The new type of boiler was also installed into a very different kind of heating system; an open vented fully pumped system. These systems incorporated smaller pipework and the position of the pump, in relation to the open vent pipe and the feed and expansion pipe, was extremely important.

Get it right and the system would have positive pressure (above atmospheric pressure), and the result would be a cleaner system. Get it wrong and the system would be under negative pressure, meaning oxygen could find its way into the system and cause corrosion. Another scenario could be that water would get sucked down the feed and expansion pipe and pumped back over into the F&E cistern via the open vent. This would re-oxygenate the system water and again cause continuous corrosion.

These new systems were a bit of a curve ball to the old guard of plumbers and heating engineers. who were used to semi-gravity systems and putting the pump on the return of the heating circuit.

So what happened?

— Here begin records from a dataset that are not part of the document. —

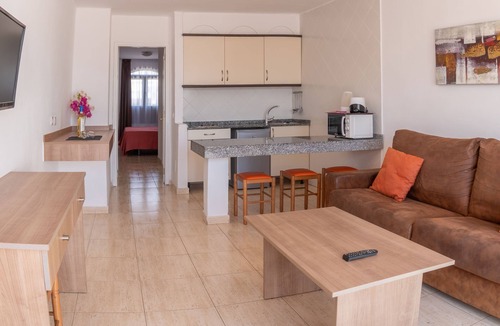 Puerto del Carmen Apartment | Bitácora Lanzarote Club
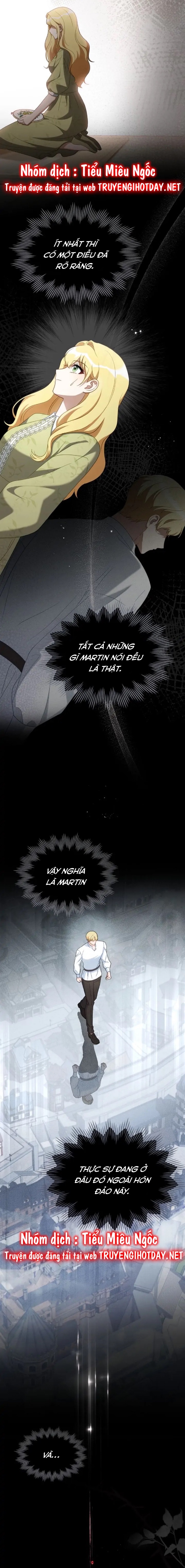 cầu mong chúa sẽ cứu rỗi cho cái chết của tôi chapter 23 17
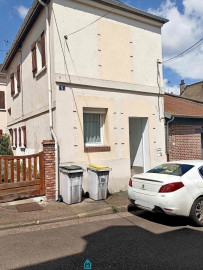 
                                                                                        Vente
                                                                                         Maison de 66 m2 avec 2 chambres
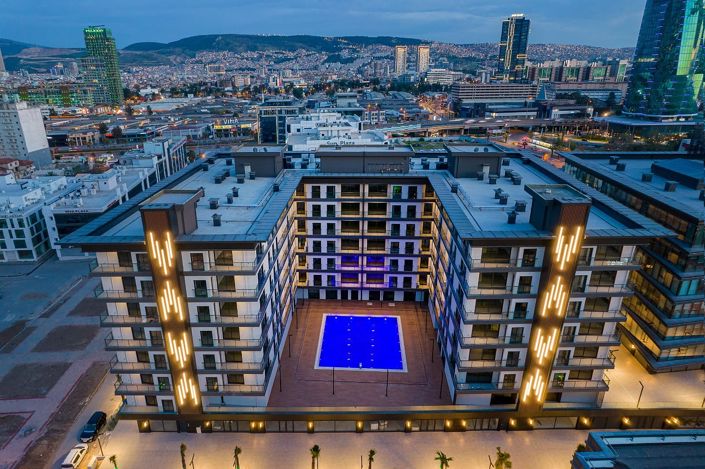 Image No.6-3 Bed Apartment for sale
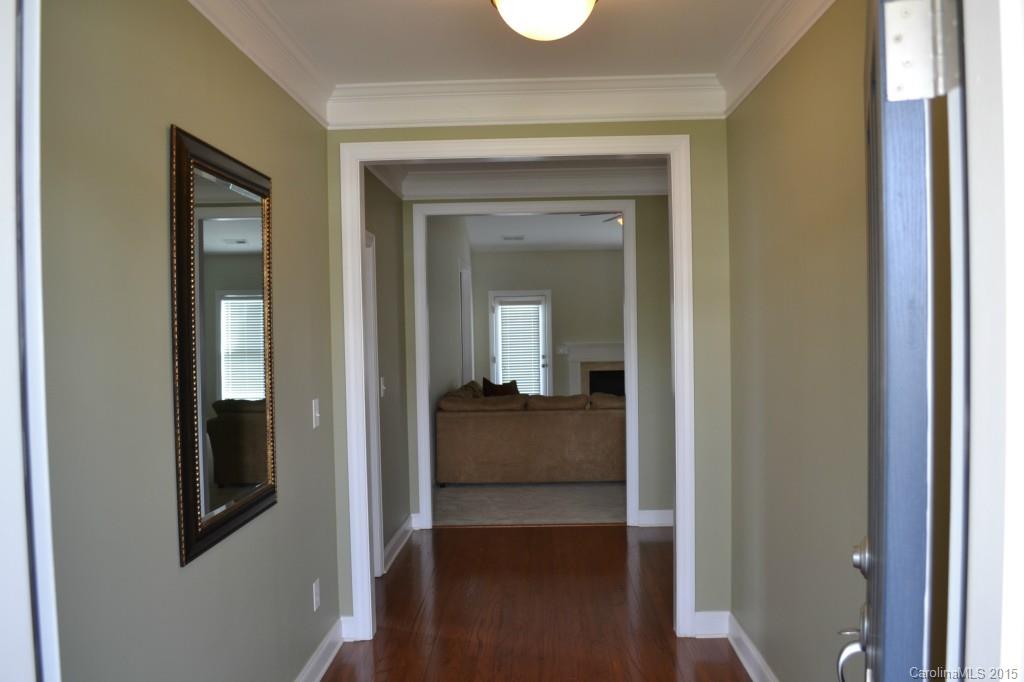 Walden Park - Residential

How was the issue of corrosion, which had occurred in older systems but was now much more of a problem, getting resolved? Well, in my opinion, it all had to do with marketing.

For an installer to familiarise themselves with the new systems outlined above they would have to look at the manufacturer's instructions after they purchased a boiler. There was no internet back then to get MIs, or find general information. Boiler technical reps (if a manufacturer had them) also helped disseminate information.

So where does marketing come in? Well, marketing was changing in the 1980s and something called relationship marketing had appeared. Brands realised the importance of building long-term relationships with their customers and the customers in this case were the plumbers/installers. The inhibitor companies executed this tactic brilliantly. They were so good at cultivating this relationship that, by the early 1990s, even some householders knew their inhibitors from their system cleaners.

Unfortunately, this meant some installers were now forgetting the importance of deaeration and proper system design, and instead relied on inhibitors to keep a system clean. A bit later, magnetic filters were marketed in exactly same way.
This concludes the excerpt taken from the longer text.